Les jours du Bloc E sont rythmés par les tâches quotidiennes, la gestion des condamnés qui doivent attendre le jour J et l’accueil des nouveaux. Une routine qui va être bouleversée par l’arrivée de John Coffey, un colosse (le regretté Michael Clarke Duncan n’était en fait pas si grand et le réalisateur et ses équipes ont multiplié les astuces pour souligner l’immense taille du personnage) accusé du meurtre de deux petites filles. Mais suite à son premier entretien avec le doux John Coffey et les événements étranges qui suivent, Paul Edgecombe va commencer à douter qu’il soit vraiment responsable des faits qui lui sont reprochés…
Porté par une bande d’acteurs impliqués, tous aussi bons les uns que les autres (il y aussi Sam Rockwell en dangereux chien fou, James Cromwell digne et triste, William Sadler en père brisé, Bonnie Hunt et Patricia Clarkson pour les rares rôles féminins…et même ce bon vieux Harry Dean Stanton…jolie distribution !), La Ligne Verte est une histoire forte, reconstitution soignée qui déroule toute la gamme des émotions. À chaque fois que je le revoie (et quand je relis le livre, c’est la même chose), je souris aux moments légers; je m’attache à la dynamique des protagonistes, les amitiés et les inimitiés; je suis pris par la poésie qui se dégage de certains plans; je suis saisi par l’efficacité des passages les plus horribles (la chasse à l’homme, la mort affreuse d’Edouard Delacroix, la révélation des actes de Bill Wharton) et par l’atmosphère mystérieuse de l’équipée nocturne…et je suis (très) ému par le destin de John Coffey, un homme simple doté d’un pouvoir extraordinaire.

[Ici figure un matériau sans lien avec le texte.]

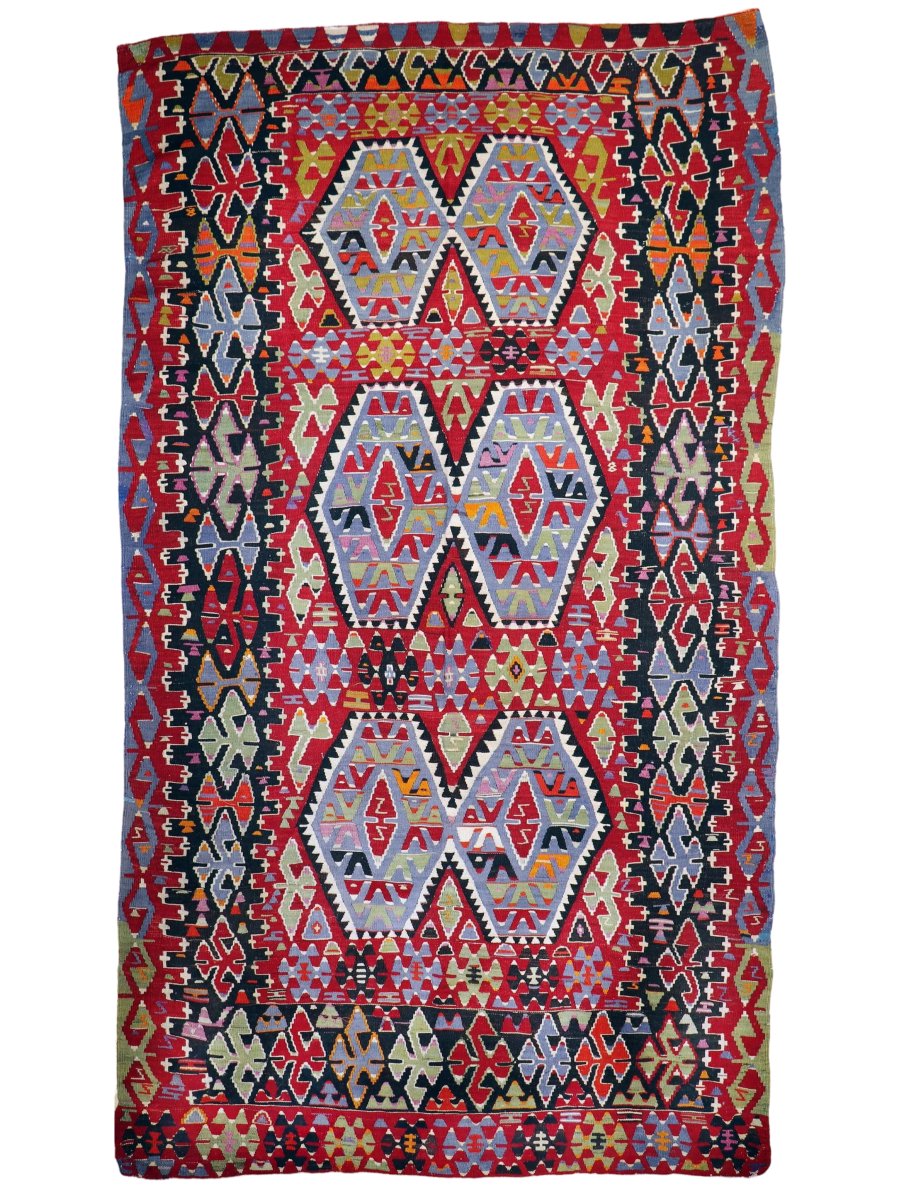 Turkish Uşak Eşme Kilim | 5' 11" x 10' 4" - Rug the Rock - 6 x 97 x 10Kilim Rugs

Les trois heures de film (qui passent sans ennui et sans temps morts en ce qui me concerne) n’ont pas découragé les spectateurs de l’époque puisque La Ligne Verte est la collaboration King/Darabont qui a connu le plus grand succès. Entre l’échec financier du magnifique Les Evadés et les résultats modestes du très bon The Mist, La Ligne Verte a ainsi récolté plus de 286 millions de dollars pour un budget de 60 millions.